De 1902 à 1906, sa vie syndicale est très active. C’est cette période que Gérard Mordillat a décidé de porter à l’écran, aux dépens du reste de sa vie plus banale d’ouvrière de la soie. En 1902, elle crée le « Syndicat des ouvriers et ouvrières de la soie du canton de Vizille » et entre ainsi dans l’histoire de la lutte ouvrière.

Ces quatre années d’engagement sont d’autant plus intenses qu’elles sont marquées par sa rencontre avec Charles Auda, un ouvrier italien syndicaliste, pour lequel la véritable Lucie Baud avait beaucoup d’admiration et dont l’héroïne de Gérard Mordillat tombe amoureuse.

Après l’échec de plusieurs grèves, notamment celle du 1er mai à Voiron, et des divisions au sein des grévistes, à quoi le film ajoute l’abandon par ses deux filles et une courte période de prison, Lucie Baud finit par se tirer trois balles dans la mâchoire en 1906. Elle ne meurt de ses blessures que quelques années plus tard, en 1913.

Une histoire romancée

Pourtant, Gérard Mordillat ne peut s’empêcher quelques exagérations qui rendent le film plus agréable à regarder, mais qui trahissent en partie la vérité historique.

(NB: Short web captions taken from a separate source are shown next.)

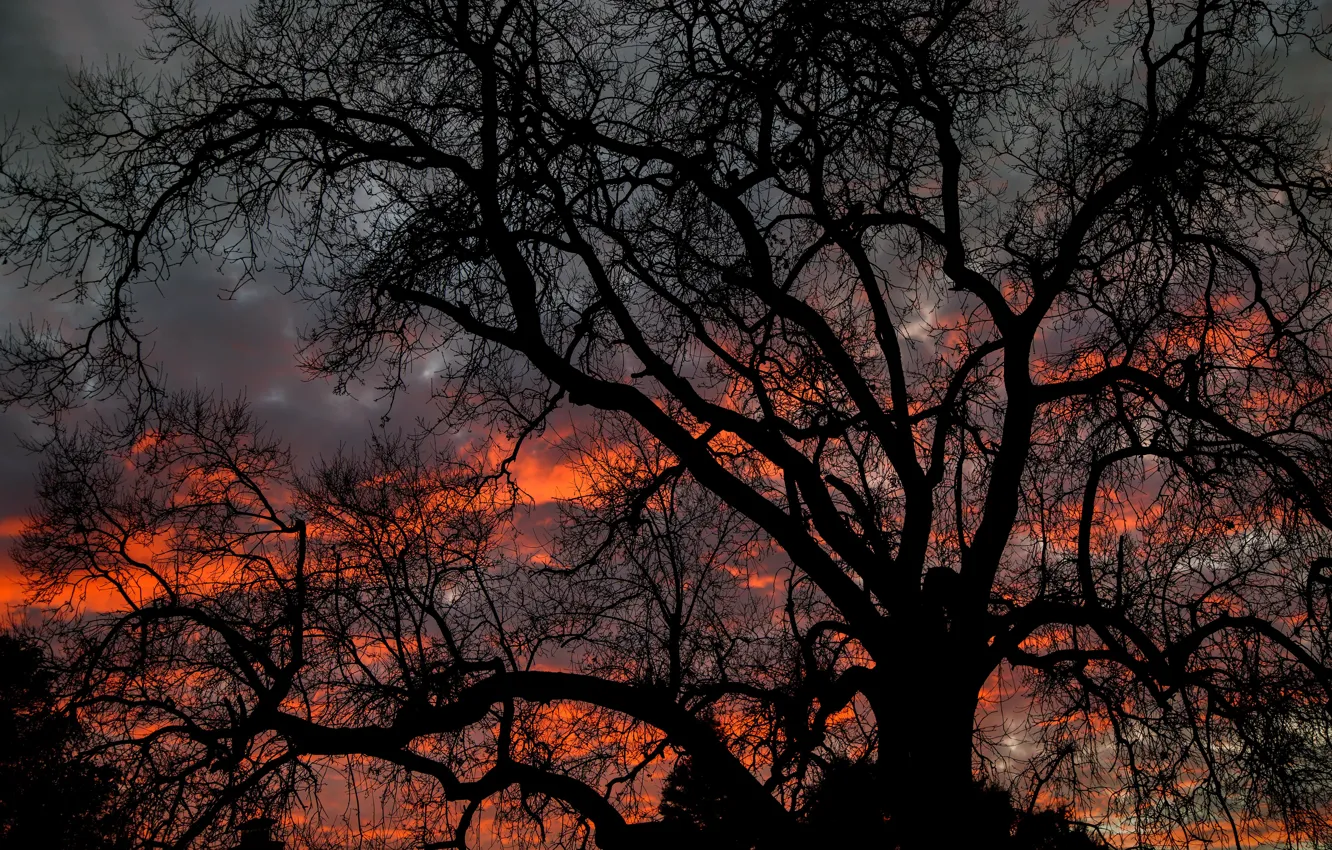 Photo wallpaper dark, twilight, sky, nature, sunset, clouds, tree, dusk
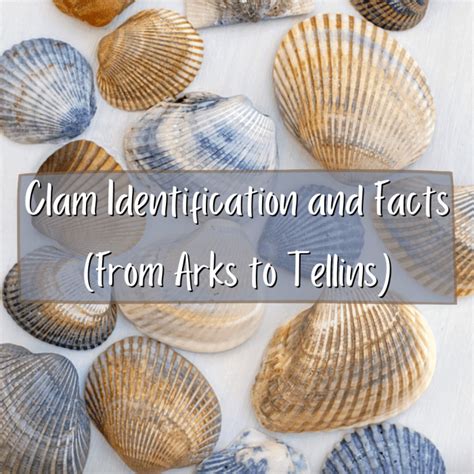 Clam Identification And Facts From Arks To Tellins Owlcation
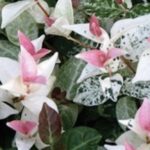 Trachelospermum 'Tricolor' RINCOSPERMO TRICOLORE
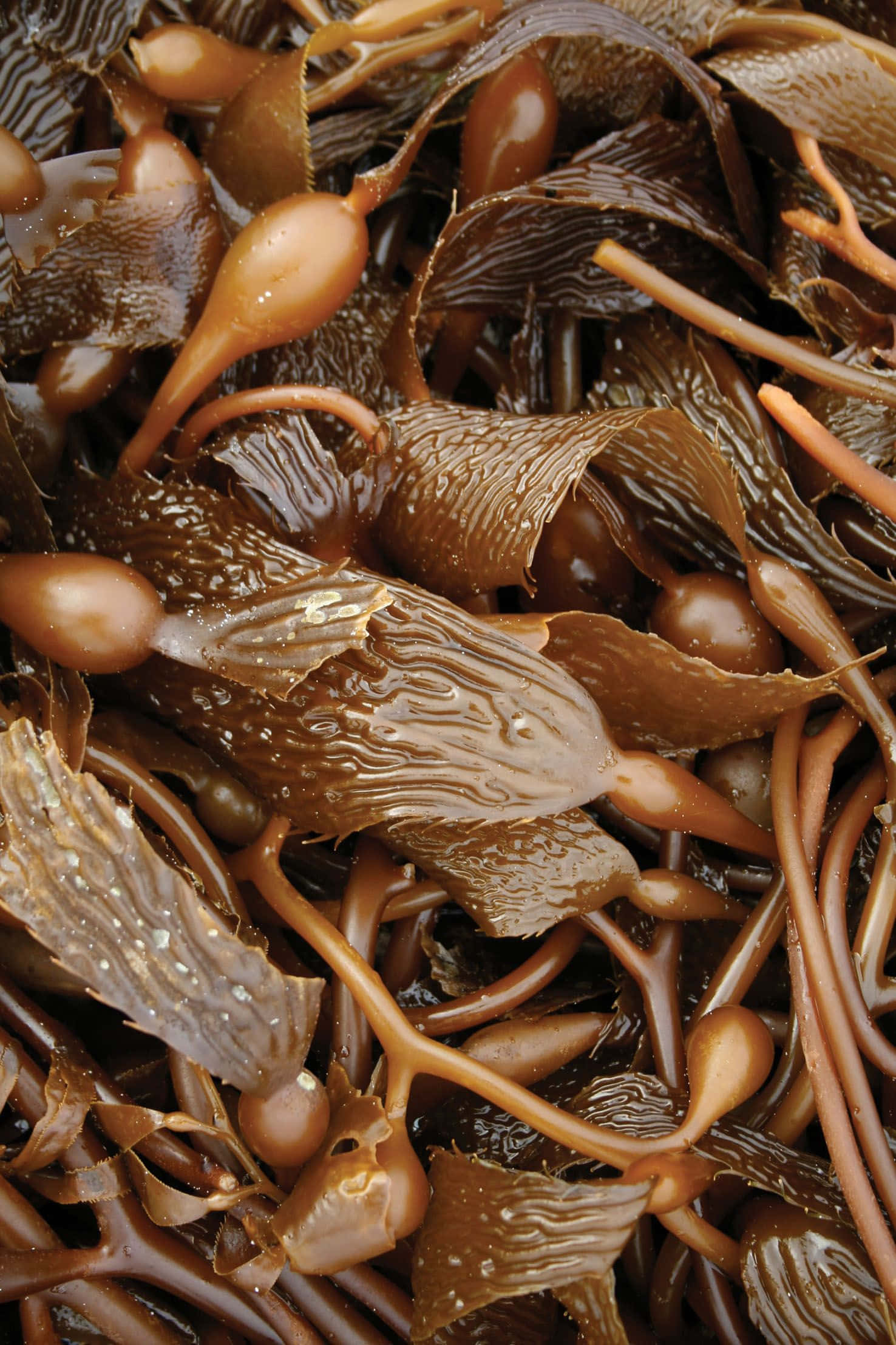 Isang magandang underwater scene na nagpapakita ng vibrant seaweed Wallpaper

Ainsi, lorsque le patron annonce les baisses de salaire qui sont en réalité d’environ un tiers, elles sont plus outrageantes : entre 50 et 60% !

De même, la lutte syndicale présentée dans le film oppose deux camps de manière très manichéenne : d’un côté, le patronat allié à l’Eglise et à l’armée ; de l’autre, tous les ouvriers et les ouvrières, rejoints ensuite par les petits commerçants qui les aident à fournir les cantines communistes pour les grévistes. Même les ouvrières venues d’Italie pour travailler dans l’usine de tissage, pourtant réputées pour être des “jaunes”, ou des “briseuses de grève”, sont ici les alliées de Lucie Baud. S’il est vrai que cette ouvrière s’était faite remarquer pour sa solidarité avec les étrangères, la réciproque n’en est pas si sûre… Le film pèche ici un peu par son manque de subtilité.

Il soulève néanmoins des questions intéressantes concernant l’unité des ouvriers autour du combat syndical, notamment concernant la place des étrangers et des femmes. Si les ouvrières italiennes sont grévistes comme les autres, elles sont montrées comme beaucoup plus misérables, ce qui était bien le cas. Payées moins que les ouvrières locales, elles étaient pour cela considérées par les syndicats comme participant au jeu des patrons en faisant de la concurrence déloyale !

Les femmes, quant à elles, devaient travailler à l’usine mais restaient considérées comme une aide secondaire aux hommes : elles sont d’abord des mères et des femmes mariées avant d’être des ouvrières avec des revendications. Cette vision de la femme est bien présente dans le film lorsqu’il montre le congrès de Reims réunissant les représentants des syndicats du textile en août 1904. Lorsque Lucie Baud y est envoyée, c’est la seule femme ! Pourtant, on ne lui laisse pas prendre la parole (contre les archives, Gérard Mordillat lui accorde quand même une petite minute), ce contre quoi elle se révolte.

Plus encore que comme ouvrière syndicalisée, Lucie Baud se distingue par l’article qu’elle écrit, ou du moins signe, en 1908. Comme le souligne Michelle Perrot, « Une femme ouvrière qui écrit et qui dit " je ", cela m’étonnait beaucoup »

En redonnant corps à cette femme, Gérard Mordillat réussit à faire revivre cet héritage, quitte à le romancer parfois.